Kulturgeschichtlich-ethnologisch wird die Kunst betrachtet von GROSSE (Anfänge d. Kunst), der auch die soziale Bedeutung der Kunst betont (l.c. S.299 ff.; der tiefste Grund und Wert der Kunst besteht in der Betätigung und in dem Genusse der Freiheit Kunstwiss. Studien 1900, S. 15), sowie von YRJÖ HIRN (Origins of art 1900) und K. BÜCHNER (Arb. u. Rhythmus), der die gesellige Arbeit als Auslöserin rhythmischer, ästhetischer Funktionen betrachtet.

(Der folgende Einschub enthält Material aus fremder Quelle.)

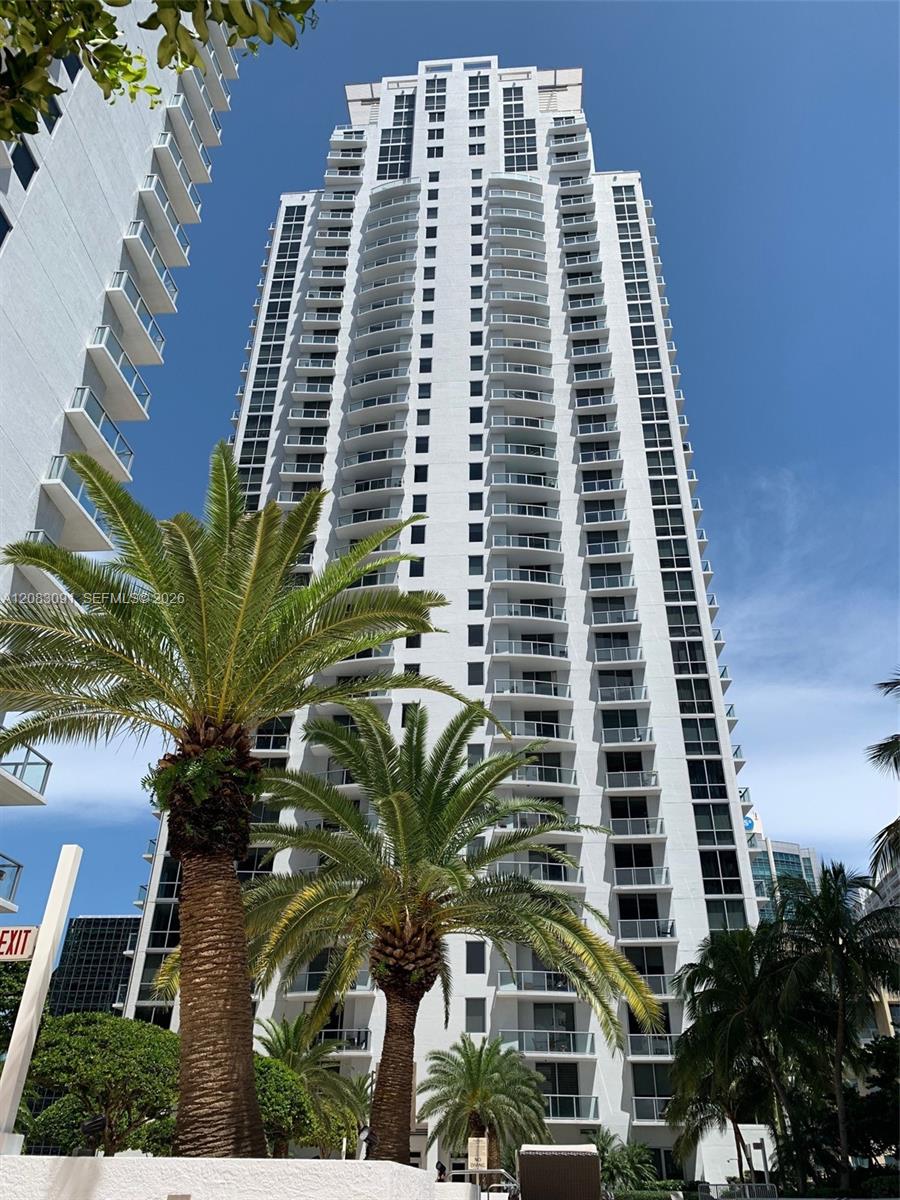 1060 Brickell Avenue 1713 Property Photo 1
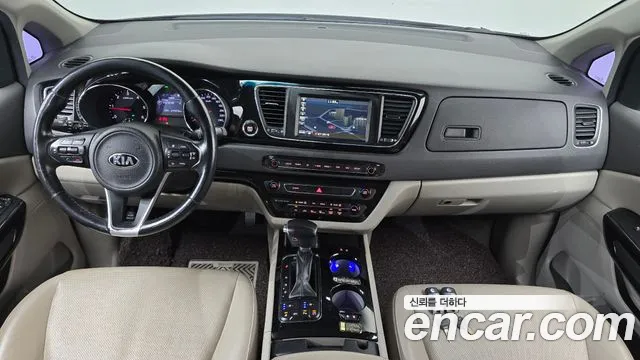 Kia Carnival 2017 thumb 7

Die soziale Bedingtheit der Kunst betont (vorher schon u. a. DUBOS, PROUDHON, Du principe de l'art.., 1865) H. TAINE durch seine Theorie vom »Milieu«. »L'oeuvre d'art est déterminée par un ensemble qui est l'état général de l'esprit et des moeurs environnantes« (Phil. de l'art 1865, p. 17, 22, 98). Der Zweck des Kunstwerkes ist, einen wesentlichen Charakter, eine Idee deutlicher und vollständiger darzutun, als es die wirklichen Objekte tun (vgl. ZEITLER, Die Kunstphilos. von Hipp. Ad. Taine 1901). Die sociale Function der Kunst betonen u. a. besonders GUYAU (L'art au point de vue sociologique, 1888), er ist gegen »l'art pour l'art«. Durch die Kunst wird die sociale Solidarität und Sympathie erweckt und gesteigert (l.c. p. 15 u. ff.). »Le but le plus haut de l'art est de produire une émotion esthétique d'un caractère social« (l.c. p. 21). Ähnlich TARDE, G. SÉAILLES (Ess. sur le genre dans l'art2, 1897). Gegner dieser Auffassung ist u. a. RENOVIER (La théorie esthétique du jeu, Critique philos. 1885). Er vertritt die Kantsche Theorie (Nouv. Monadol. p. 312 ff.). M. BURCKHARD: »Einmal beeinflussen die sozialen Bestrebungen den gegenständlichen Inhalt der Kunst, und diese wirkt dann durch die künstlerische Gestaltung der durch sie propagierten Ideen fordernd auf die sociale Bewegung selbst zurück; dann aber hat die Kunst durch das ihr innewohnende formale Moment... einen mächtigen Einfluß auf die gesellschaftliche Entwicklung« (Ästh. u. Sozialwiss. 1895, S. 4 f.). Der Schönheitssinn »entsprang aus den Eindrücken, welche einerseits gewisse für die Entwicklung der Gattung förderliche Körpereigenschaften auf die Individuen dieser Gattung, anderseits die Erscheinungen der umgebenden Natur auf die inneren Stimmungen, insbesondere auf das ganze Liebesleben üben« (l.c. S. 11). Erst war das im Kampf ums Dasein Nützliche angenehm, schön, später gefiel das Schöne um seiner selbst willen (l.c. S. 70 f.). Eine reiche historische Zusammenstellung der Lehren von der Beziehung zwischen Kunst und Moral gibt E. REICH (Kunst u. Moral 1901), der die sociale Bedingtheit und Wirksamkeit der Kunst scharf betont. Zur Geschichte der Ästhetik vgl. R. ZIMMERMANN, Gesch. d. Ästh. 1858. M. SCHASLER, Krit. Gesch. d. Ästh. 1871. LOTZE, Gesch. d. Ästh. in Deutschl. 1868. V. STEIN, Die Entsteh. d. neuern Ästh. 1886. Vgl. Erhaben, Komisch, Tragisch, Form.